▶ YOUR TASK
Everything from the opening line of the listing below to the line that has "Yorkshire Terrier dogs for sale: Iris - Ad 1", inclusive, should be returned exactly, except the pictures.

▶ MATERIAL SHOWN
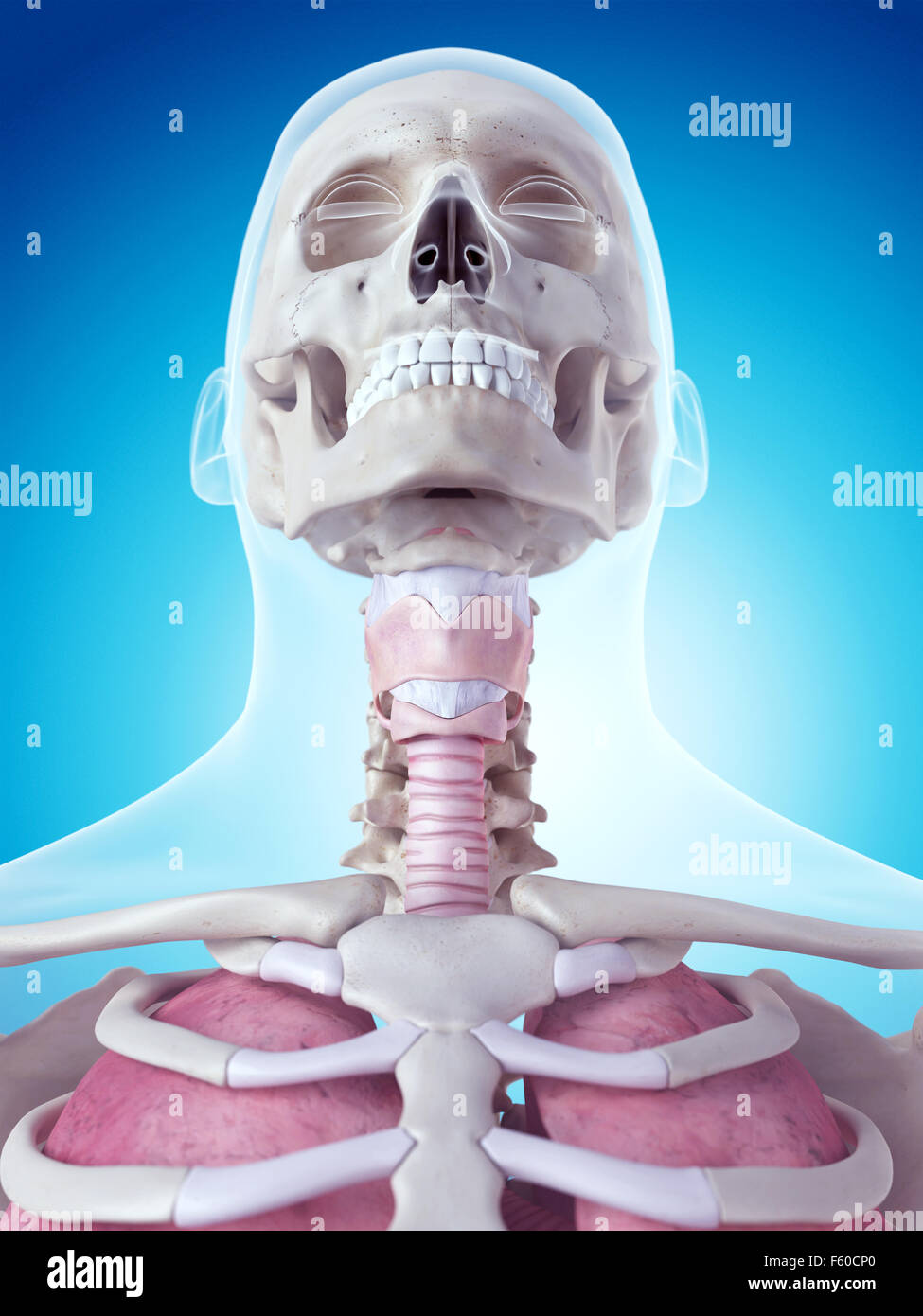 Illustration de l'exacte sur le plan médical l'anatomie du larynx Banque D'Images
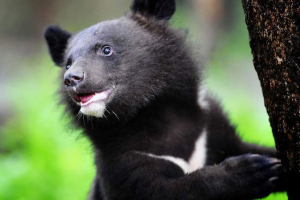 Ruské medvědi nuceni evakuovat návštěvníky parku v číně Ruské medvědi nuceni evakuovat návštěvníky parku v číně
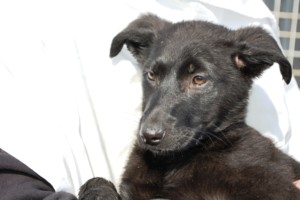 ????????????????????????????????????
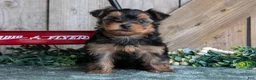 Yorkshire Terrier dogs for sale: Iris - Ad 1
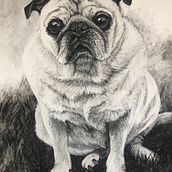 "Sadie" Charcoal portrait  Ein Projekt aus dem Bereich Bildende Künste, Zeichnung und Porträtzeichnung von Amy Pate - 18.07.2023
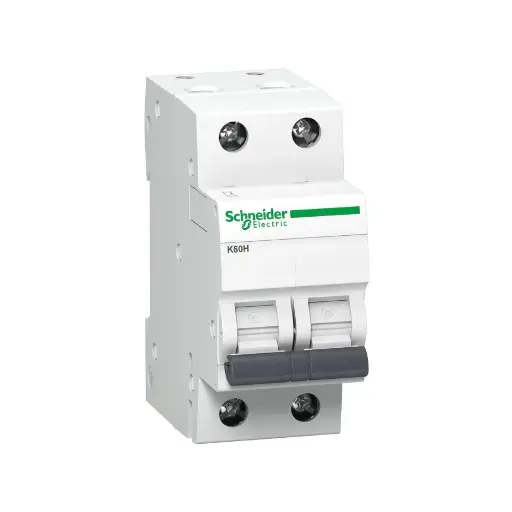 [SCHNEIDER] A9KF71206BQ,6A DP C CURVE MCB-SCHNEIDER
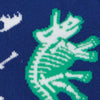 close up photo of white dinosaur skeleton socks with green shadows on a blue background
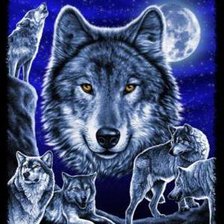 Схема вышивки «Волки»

▶ SOLUTION FOR THIS PROBLEM
 Illustration de l'exacte sur le plan médical l'anatomie du larynx Banque D'Images
 Ruské medvědi nuceni evakuovat návštěvníky parku v číně Ruské medvědi nuceni evakuovat návštěvníky parku v číně
 ????????????????????????????????????
 Yorkshire Terrier dogs for sale: Iris - Ad 1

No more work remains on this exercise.